Handmade Penguin Chapter 8: Playing a Square Wave with SDL

This chapter covers roughly the content in the Writing a Square Wave to DirectSound part of the Handmade Hero course, under the Linux operating system.

<-- Chapter 7 | Back to Index | Chapter 9 -->

Meeting Spongebob Squarewave

As you'd expect: much of the actual code behind producing a sound is the same, no matter which platform we're coding for. At some point, we need to generate a buffer full of samples. It's only the details of where that buffer is that changes.

As mentioned yesterday, there are two ways of playing sound in SDL: using a callback function, and queuing audio with the SDL_QueueAudio() function. Using the SDL_QueueAudio() function makes things significantly easier, as it allows us to choose when we want to provide the audio data, rather than having SDL ask for it at (possibly inconvenient) times. In fact, the SDL_QueueAudio() API is significantly easier to use than DirectSound is.

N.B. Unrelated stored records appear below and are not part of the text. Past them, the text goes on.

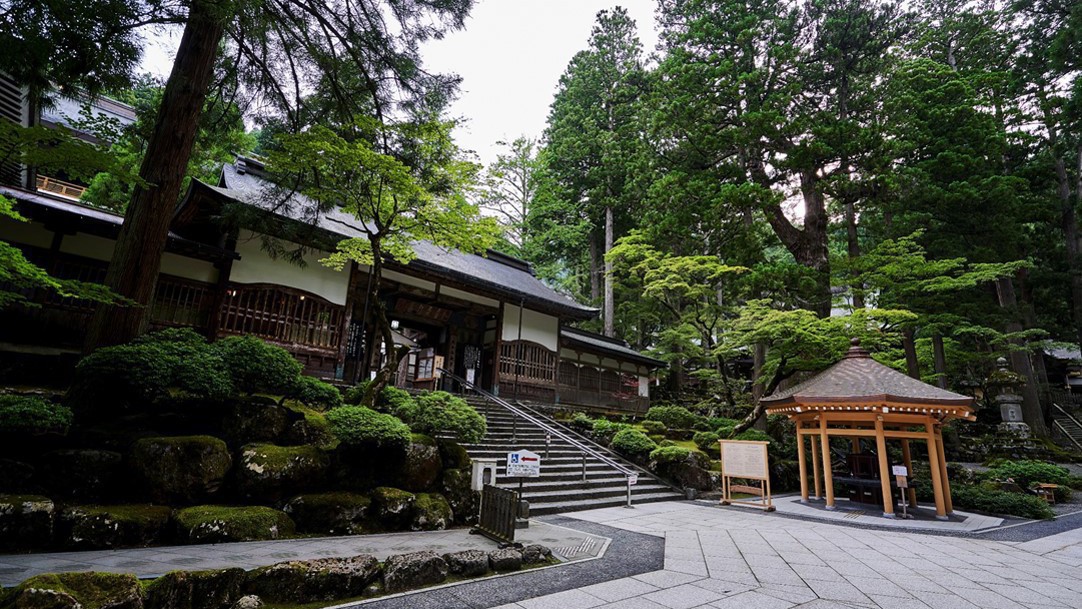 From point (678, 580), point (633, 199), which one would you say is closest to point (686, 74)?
point (633, 199)

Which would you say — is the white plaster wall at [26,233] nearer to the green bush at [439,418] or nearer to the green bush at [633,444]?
the green bush at [439,418]

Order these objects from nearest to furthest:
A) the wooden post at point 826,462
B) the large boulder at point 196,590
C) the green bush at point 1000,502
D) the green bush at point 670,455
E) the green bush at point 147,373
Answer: the large boulder at point 196,590, the green bush at point 147,373, the green bush at point 1000,502, the wooden post at point 826,462, the green bush at point 670,455

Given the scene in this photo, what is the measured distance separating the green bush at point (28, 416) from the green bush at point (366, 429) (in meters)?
2.59

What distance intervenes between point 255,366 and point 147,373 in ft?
3.64

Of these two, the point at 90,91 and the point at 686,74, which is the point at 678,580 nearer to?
the point at 90,91

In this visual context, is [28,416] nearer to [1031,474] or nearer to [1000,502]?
[1000,502]

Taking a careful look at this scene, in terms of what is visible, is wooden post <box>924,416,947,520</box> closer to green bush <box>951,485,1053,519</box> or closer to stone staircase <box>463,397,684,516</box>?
green bush <box>951,485,1053,519</box>

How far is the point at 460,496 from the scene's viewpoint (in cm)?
668

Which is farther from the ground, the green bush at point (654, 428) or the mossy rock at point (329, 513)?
the green bush at point (654, 428)

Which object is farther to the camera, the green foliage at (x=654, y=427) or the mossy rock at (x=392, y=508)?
the green foliage at (x=654, y=427)

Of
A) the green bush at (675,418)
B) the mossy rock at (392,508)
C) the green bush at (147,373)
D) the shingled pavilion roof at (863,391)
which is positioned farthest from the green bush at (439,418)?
the green bush at (675,418)

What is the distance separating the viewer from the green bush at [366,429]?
6047 millimetres

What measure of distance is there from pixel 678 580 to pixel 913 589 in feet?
7.41

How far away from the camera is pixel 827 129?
13000mm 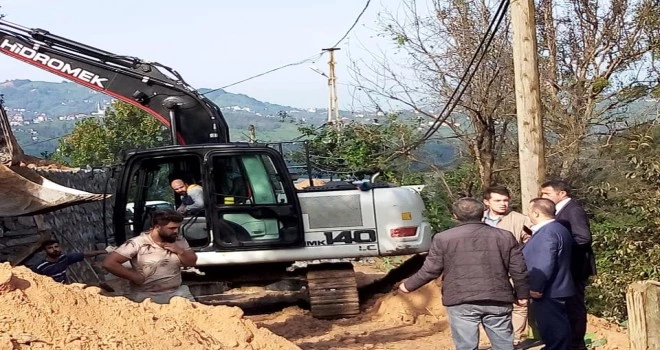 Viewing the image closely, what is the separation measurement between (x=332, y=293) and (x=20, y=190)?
4501mm

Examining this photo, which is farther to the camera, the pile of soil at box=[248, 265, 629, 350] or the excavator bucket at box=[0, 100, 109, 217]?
the pile of soil at box=[248, 265, 629, 350]

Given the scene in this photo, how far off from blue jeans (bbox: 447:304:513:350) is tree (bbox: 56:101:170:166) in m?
39.6

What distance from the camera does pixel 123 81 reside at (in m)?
11.8

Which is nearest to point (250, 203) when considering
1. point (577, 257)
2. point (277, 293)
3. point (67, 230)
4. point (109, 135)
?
point (277, 293)

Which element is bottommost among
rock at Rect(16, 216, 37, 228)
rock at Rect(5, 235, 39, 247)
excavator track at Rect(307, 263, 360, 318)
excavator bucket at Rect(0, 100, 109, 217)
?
excavator track at Rect(307, 263, 360, 318)

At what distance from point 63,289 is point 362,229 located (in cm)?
549

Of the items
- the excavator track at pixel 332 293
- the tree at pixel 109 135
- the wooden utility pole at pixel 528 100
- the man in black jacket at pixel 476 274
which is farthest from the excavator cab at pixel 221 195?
the tree at pixel 109 135

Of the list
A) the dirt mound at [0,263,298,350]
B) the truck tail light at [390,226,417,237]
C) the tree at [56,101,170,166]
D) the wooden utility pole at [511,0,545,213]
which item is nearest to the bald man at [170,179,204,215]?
the truck tail light at [390,226,417,237]

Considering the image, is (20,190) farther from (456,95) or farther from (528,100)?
(456,95)

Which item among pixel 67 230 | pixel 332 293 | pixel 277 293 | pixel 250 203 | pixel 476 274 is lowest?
pixel 277 293

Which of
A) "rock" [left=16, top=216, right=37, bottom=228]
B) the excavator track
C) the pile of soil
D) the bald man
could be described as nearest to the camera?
the pile of soil

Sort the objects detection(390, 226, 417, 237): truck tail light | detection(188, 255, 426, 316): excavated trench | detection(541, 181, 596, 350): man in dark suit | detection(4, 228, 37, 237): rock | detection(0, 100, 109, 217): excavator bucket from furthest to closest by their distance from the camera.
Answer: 1. detection(4, 228, 37, 237): rock
2. detection(188, 255, 426, 316): excavated trench
3. detection(390, 226, 417, 237): truck tail light
4. detection(0, 100, 109, 217): excavator bucket
5. detection(541, 181, 596, 350): man in dark suit

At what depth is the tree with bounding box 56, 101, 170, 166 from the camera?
149 ft

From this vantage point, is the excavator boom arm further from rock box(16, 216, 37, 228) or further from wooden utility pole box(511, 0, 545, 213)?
wooden utility pole box(511, 0, 545, 213) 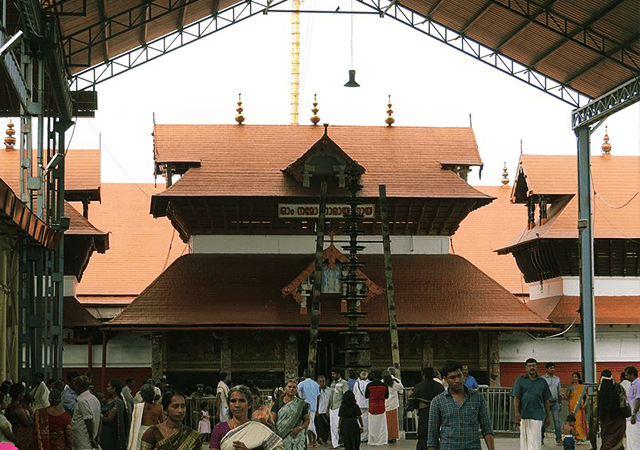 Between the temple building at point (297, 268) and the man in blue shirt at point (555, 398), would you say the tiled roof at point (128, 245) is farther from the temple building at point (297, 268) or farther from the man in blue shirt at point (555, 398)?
the man in blue shirt at point (555, 398)

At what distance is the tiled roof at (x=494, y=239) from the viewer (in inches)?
1738

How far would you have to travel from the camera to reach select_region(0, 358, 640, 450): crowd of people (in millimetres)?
10469

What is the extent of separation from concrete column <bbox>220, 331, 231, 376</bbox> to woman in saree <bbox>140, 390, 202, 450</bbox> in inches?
979

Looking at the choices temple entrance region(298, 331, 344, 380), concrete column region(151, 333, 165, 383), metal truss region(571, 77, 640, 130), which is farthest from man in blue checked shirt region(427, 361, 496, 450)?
temple entrance region(298, 331, 344, 380)

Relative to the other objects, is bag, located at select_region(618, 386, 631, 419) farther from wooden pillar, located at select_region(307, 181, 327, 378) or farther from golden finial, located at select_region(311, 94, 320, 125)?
golden finial, located at select_region(311, 94, 320, 125)

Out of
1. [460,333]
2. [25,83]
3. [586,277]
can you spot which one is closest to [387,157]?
[460,333]

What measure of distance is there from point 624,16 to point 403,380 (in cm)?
1235

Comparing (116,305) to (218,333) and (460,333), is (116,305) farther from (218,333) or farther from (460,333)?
(460,333)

Be warned! If you don't write to DirectSound's buffer in time, it will keep playing whatever was left from last time. If you don't call SDL_QueueAudio() in time, you get silence. Which is better depends on the situation, but it's important to understand that they're different.

To start off, let's get some variables set up:

// NOTE: Sound test
int SamplesPerSecond = 48000;
int ToneHz = 256;
int16 ToneVolume = 3000;
uint32 RunningSampleIndex = 0;
int SquareWavePeriod = SamplesPerSecond / ToneHz;
int HalfSquareWavePeriod = SquareWavePeriod / 2;
int BytesPerSample = sizeof(int16) * 2;
These are all identical to what we have on windows:

We'll also need to actually generate the wave. The first question we need to ask ourselves is "how much audio data should we generate?" This is actually a surprisingly hard question to answer, so we'll cover it in detail later on. For now, let's just say we should generate one frame's worth of audio. If our game is running at 60 frames per second, that's 800 samples (at 48000 Hz) per frame. Let's set our BufferSize to 800 samples (which is 800 * 4 bytes), and try to fill it every frame.

int BytesToWrite = 800 * BytesPerSample;

Oops! Yesterday, we wrote a SDLInitAudio() function, which accepted a BufferSize parameter for the number of samples (well, the number of 1-channel samples, so half of what we've been calling samples above). The windows code's BufferSize parameter takes a number of bytes. Let's change our SDLInitAudio() function to accept a number of bytes, by dividing BufferSize by two when initialising AudioSettings.samples:
AudioSettings.samples = BuffserSize / 2;

Now that we know how many bytes we want to write, let's get writing. First we'll need some memory to write it into. We'll just use malloc() for now. This has some problems (it'd be nice to reuse as much of the memory as possible from frame to frame), but will suffice for now.

void *SoundBuffer = malloc(BytesToWrite);
int16 *SampleOut = (int16 *)SoundBuffer;
int SampleCount = BytesToWrite/BytesPerSample;
Now all we need to do is write our square wave into the buffer. The code for this is almost identical to the windows version. We don't (yet) even need to handle ring buffers:
for(int SampleIndex = 0;
    SampleIndex < SampleCount;
    ++SampleIndex)
{
    int16 SampleValue = ((RunningSampleIndex++ / HalfSquareWavePeriod) % 2) ? ToneVolume : -ToneVolume;
    *SampleOut++ = SampleValue;
    *SampleOut++ = SampleValue;
}

Finally, we just need to queue the audio with SDL_QueueAudio() and free() the buffer we used:

SDL_QueueAudio(1, SoundBuffer, BytesToWrite);
free(SoundBuffer);
While we're here, let's move our SDL_PauseAudio() code from our SDLInitAudio() function down here to match the stream. We'll add a SoundIsPlaying boolean (initialised to false), and check that it's not already playing:
if (!SoundIsPlaying)
{
    SDL_PauseAudio(0);
    SoundIsPlaying = true;
}

If we compile and run (remember that SDL_QueueAudio() requires SDL 2.0.4), we'll hear our square wave. Woohoo! However, we may find that there's some gaps in the sound. Let's fix that!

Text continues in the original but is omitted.